The episode begins with a mother telling her daughter all the sacrifices she makes so the daughter can take ice skating lessons. The daughter discovers the body of the victim, alerts her mom, and the police arrive. Brisco and Green soon discover that the victim, Russell Cryder, is a hockey coach of a youth team. The parking attendant says he didn't hear anything going on, but a witness quickly surfaces who said she heard a car alarm coming from the garage. The detectives revisit the garage attendant who at first says he was in the bathroom and then admits he stepped out to get a lottery ticket. This attendant speaks in a funny way, referring to his job as his "J-O-B" and using some sort of Beatnicky terms. He also has an assault conviction, but they clear him of this assault pretty quickly.

The detectives learn that there was a second 911 call related to the incidedent, but it didn't get logged properly because it came in without caller ID information, because it was a non-compliant cell phone. The call is staticky, but they can hear a relatively young voice urging police to arrive at the scene because someone was dying. They bring the tape of the call over to a forensic technician (a strikingly good looking guy, by the way), who goes through all that techno-babble that is obligatory for such technicians, and then plays back the tape which is now miraculously as clear as a bell. He says that based on the frequency or pitch of the voice, he thinks the caller is a teenager. The detectives take the remasterd tape around to various player and the assistant coach and ask whether anyone recognizes the voice. No one does, but in the process, various people tell them that some of the better players were very upset with the coach because he insisted on playing all the players in every game, not just the good ones. Three young men -- Felder, Taylor, and Ruiz -- were particularly bothered by this. They learn from the boys' principal that Taylor is the ring leader of these. They talk to him, but he is uncooperative and his mother stops the interrogation. They get a judge to compel him to provide a voice sample, which he does (in a process we get to watch). The strikingly good-looking forensic tech tells them instantly that the voice "examplar" is a perfect match, so they now have enough to get a warrant.

At the boy's house, the detectives deal with his angry and combative father and find a hockey stick with a blood stain on it. Later, the assistant coach tells the detectives that the boy's father had a shouting match with the father of a weaker player. From the other dad, they recover a video tape of this incident. A witness says that Taylor's father was indeed at the scene that day, and so now he is a suspect.

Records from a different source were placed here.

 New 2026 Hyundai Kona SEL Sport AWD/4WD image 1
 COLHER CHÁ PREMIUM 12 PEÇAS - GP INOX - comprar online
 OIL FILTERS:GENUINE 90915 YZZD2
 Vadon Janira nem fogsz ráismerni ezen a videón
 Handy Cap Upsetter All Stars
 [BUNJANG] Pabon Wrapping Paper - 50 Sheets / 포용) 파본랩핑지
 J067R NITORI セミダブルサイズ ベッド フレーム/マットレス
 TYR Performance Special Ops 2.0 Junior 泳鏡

Time for McCoy to gather everyone for a Family Conference Room Meeting™, which of course leads to the son admitting (at his father's urging) that it was his father who committed the assault. The father retains counsel (recurring character Al Archer) who argues his client is not guilty by reason of mental defect, namely "sports rage."

The trial begins at 39 minutes in. A psychiatrist testifies that the father didn't know what he was doing because of his rage, but McCoy shoots the theory down, arguing the expert had no way of knowing when the dad went into a "dissociative" state: it could have been before or after the attack. The remainder of the trial is long and boring and just rehashes stuff we already know. Predictably, the verdict is guilty.

The episode is notable because it retells the various "sports rage" incidents that have occurred in the country in recent years, particularly a real incident involving a fight between two hockey parents.